-- Opening Marker --

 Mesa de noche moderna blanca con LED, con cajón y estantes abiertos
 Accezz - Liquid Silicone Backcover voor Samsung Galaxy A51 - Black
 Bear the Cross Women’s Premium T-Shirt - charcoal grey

-- Closing Marker --
-- Opening Marker --

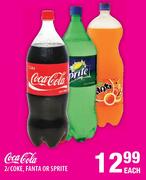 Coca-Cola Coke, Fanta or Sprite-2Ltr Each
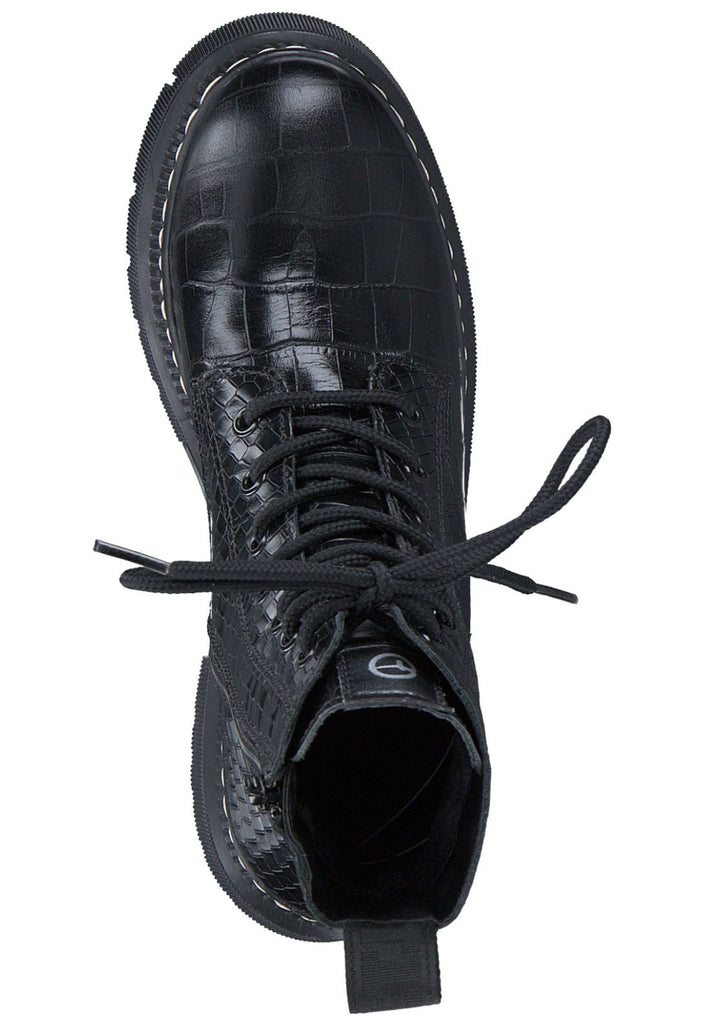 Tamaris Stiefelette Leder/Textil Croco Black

-- Closing Marker --

- _Work request_
Only one stretch of the data above is needed. Restate it word for word, from the line containing "Accezz - Liquid" through the line containing "Bear the Cross", both ends included.

- _Result of the task_
 Accezz - Liquid Silicone Backcover voor Samsung Galaxy A51 - Black
 Bear the Cross Women’s Premium T-Shirt - charcoal grey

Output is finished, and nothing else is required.